On May 12, Bulgarians went to the polls and gave the nod to the party — Citizens for European Development of Bulgaria (GERB) — they’d just ousted from government in demonstrations a few months before. The party that came in second, the Bulgarian Socialist Party (BSP) was the successor of the Communist Party that had earlier generated a huge wave of protests in 1989-90. Faced with this choice between two different versions of Groundhog Day, many people simply avoided the polls altogether. The turnout for this parliamentary election was the lowest in the country’s short democratic history: only a shade above 50 percent. True, even fewer Bulgarians turn out for the European Parliament elections, but that’s the case throughout the region.
In addition to the usual charges of corruption, fully one quarter of the votes in this election effectively didn’t count. One in four voters chose parties that didn’t make it over the 5 percent threshold. In addition to the two top vote-getters, only two other parties made it into parliament: the Movement for Rights and Freedoms and Ataka. The former, which has traditionally advocated on behalf of minorities such as ethnic Turks, was buoyed by a high turnout of overseas Bulgarians living in Turkey (many of whom were unceremoniously kicked out of the country by the Communist government in the 1980s). The latter, led by journalist firebrand Volen Siderov, has capitalized on discontent with the economy.
So, now the fun begins. Four parties that don’t necessarily have a lot in common must figure out how to form a governing majority. It’s a perennial feature of Bulgarian politics, with the occasional wild card thrown in like a returning King. In fact, it’s so predictable that I talked about the challenge of forming a coalition government way back in October with Iskar Enev, an independent IT professional who helped set up many of my interviews in Bulgaria.
“The biggest winners will be GERB and the Socialists, and the MRF will be the coalition partner that no one can ignore,” he told me. “This will be an unfortunate configuration, and a very unproductive coalition in terms of passing laws.”
Like many Bulgarians, Iskar Enev is pessimistic.
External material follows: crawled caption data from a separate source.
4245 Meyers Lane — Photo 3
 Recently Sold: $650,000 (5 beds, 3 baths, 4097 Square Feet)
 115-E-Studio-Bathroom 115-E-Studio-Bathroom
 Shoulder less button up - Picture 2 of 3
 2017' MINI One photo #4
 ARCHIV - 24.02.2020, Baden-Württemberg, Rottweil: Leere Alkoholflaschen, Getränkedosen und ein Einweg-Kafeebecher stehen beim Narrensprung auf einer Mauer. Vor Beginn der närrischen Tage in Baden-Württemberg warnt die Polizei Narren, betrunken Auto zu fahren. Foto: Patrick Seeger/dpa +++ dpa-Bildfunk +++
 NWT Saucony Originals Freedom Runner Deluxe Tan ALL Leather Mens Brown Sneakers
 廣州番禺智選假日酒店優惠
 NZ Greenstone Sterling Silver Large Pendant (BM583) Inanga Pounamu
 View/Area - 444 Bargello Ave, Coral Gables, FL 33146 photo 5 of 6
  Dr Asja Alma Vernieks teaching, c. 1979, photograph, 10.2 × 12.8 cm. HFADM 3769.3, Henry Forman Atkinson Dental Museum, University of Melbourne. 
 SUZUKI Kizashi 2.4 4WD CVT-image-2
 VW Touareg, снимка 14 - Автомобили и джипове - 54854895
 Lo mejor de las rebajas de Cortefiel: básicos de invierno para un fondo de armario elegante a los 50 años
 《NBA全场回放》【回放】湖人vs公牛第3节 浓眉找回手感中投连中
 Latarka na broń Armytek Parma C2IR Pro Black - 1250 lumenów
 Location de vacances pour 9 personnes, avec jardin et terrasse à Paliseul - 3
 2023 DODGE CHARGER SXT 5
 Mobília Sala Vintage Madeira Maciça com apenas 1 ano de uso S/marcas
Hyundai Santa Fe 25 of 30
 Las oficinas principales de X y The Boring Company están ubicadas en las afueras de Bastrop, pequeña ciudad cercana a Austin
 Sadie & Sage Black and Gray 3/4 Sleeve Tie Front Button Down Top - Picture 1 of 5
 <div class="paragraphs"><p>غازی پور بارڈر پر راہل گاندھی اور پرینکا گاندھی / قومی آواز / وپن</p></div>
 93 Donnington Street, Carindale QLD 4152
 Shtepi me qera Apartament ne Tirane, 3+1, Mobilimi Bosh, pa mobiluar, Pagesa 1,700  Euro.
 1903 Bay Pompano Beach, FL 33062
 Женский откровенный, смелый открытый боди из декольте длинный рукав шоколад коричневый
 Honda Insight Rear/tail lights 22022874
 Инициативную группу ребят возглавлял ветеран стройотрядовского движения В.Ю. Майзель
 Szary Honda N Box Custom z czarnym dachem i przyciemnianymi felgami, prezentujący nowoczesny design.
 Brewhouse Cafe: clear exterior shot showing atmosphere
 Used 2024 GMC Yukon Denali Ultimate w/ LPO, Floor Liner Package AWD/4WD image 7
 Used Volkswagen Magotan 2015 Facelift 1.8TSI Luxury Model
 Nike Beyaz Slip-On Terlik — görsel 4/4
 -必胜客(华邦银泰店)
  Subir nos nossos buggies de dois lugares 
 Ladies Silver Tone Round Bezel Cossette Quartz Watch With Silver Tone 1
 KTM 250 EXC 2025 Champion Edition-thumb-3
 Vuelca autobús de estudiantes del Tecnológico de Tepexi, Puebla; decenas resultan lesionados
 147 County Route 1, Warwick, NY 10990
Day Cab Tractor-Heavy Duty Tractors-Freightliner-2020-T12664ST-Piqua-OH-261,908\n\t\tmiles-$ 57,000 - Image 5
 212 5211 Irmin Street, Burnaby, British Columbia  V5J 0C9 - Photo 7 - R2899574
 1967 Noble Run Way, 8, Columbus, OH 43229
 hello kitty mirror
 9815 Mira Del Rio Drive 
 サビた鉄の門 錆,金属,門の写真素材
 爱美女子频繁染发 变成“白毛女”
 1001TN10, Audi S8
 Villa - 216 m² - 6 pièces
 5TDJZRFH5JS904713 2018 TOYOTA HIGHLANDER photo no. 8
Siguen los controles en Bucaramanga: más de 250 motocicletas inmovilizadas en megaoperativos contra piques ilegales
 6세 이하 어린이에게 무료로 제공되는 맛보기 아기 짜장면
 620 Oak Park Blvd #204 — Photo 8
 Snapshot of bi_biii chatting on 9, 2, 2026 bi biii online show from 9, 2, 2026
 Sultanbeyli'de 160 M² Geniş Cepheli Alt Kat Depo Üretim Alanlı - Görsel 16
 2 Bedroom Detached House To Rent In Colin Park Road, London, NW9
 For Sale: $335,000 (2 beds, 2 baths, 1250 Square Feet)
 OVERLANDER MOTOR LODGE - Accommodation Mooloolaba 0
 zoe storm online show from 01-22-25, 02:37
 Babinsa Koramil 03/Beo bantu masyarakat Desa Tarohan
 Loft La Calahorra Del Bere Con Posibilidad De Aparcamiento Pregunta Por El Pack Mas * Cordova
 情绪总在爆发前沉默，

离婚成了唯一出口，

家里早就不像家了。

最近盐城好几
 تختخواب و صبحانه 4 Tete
He views emigration as a live option. He has lived abroad but now stays in Bulgaria largely out of inertia.
“Maybe something will change and I can help,” he offered in a glimmer of optimism. But it passed quickly. “It’s a minor possibility,” he concluded, “nearing zero in probability!” The May 12 elections, for the time being at least, seem to have confirmed this conclusion.
The Interview
Do you remember where you were when you heard about the fall of the Berlin Wall and what your reaction was?
I actually remember when they were announcing this on TV. I was tying my shoes and preparing to go to school. My father and I were watching TV. I thought that interesting times were to come. But my father said, “This is staged, it’s not genuine. Don’t be so excited.” But I was excited because it was a change and no one knew what would happen. The same day, I was seeing some kids from neighborhoods and we were making political jokes about Todor Zhivkov. But we didn’t know that later that day there would be an announcement of his resignation.
Did much change in your school after that?
Yes, up to that time, we were referring to the teachers as “comrades.” I remember that the teacher came to the classroom and said, “From now on you will call me Mrs.”
How did you feel about that?
It was fun. Now I start to wonder how I was perceiving socialism when I was living in it. I don’t remember now how I was understanding it. I was in the Pioneers, but I didn’t like the uniforms and ties. All the boys were playing cowboys with the ties, and they were dirty all the time. Our parents said we would get in trouble because we weren’t keeping the uniforms clean.
Do you remember the first moment when you became politically aware?
I lived in France from 2001 to 2004, and there I was exposed to extremely political movements like left-wing unions and different informal political groups informal.
You were corrupted by Western leftism.
Yes, you could say that!
You’ve been quite negative in your assessment of what has happened since 1989. Why?
I compare to what could have been done in the health care system, for instance. We’ve gone in the opposite direction, and it’s led to the destruction of so many things.
How do you think the minority question influence the next elections? Will it play a critical determining role or only a minor role?
I think that the ruling party, the Citizens for European Development of Bulgaria (GERB), will make a coalition with the Movement for Rights and Freedoms (MRF) and maybe the Bulgarian Socialist Party (BSP). I think that BSP will have better results in the next elections, so GERB will have to reconsider. GERB is playing the anticommunist card that makes a coalition with BSP seemingly impossible. But the reality after the next election, in which GERB will still get a lot of votes but not enough for a majority, is that they’ll have to make this coalition. I think that the nationalists will not make it into parliament or they will be very marginal, like Ataka. Ataka has almost ceased to exist. VMRO is very vocal in the media, but I don’t think they have a big enough base to make into parliament. Meglena Kuneva will have better results than the nationalists, but I don’t know. The biggest winners will be GERB and the Socialists, and the MRF will be the coalition partner that no one can ignore. This will be an unfortunate configuration, and a very unproductive coalition in terms of passing laws.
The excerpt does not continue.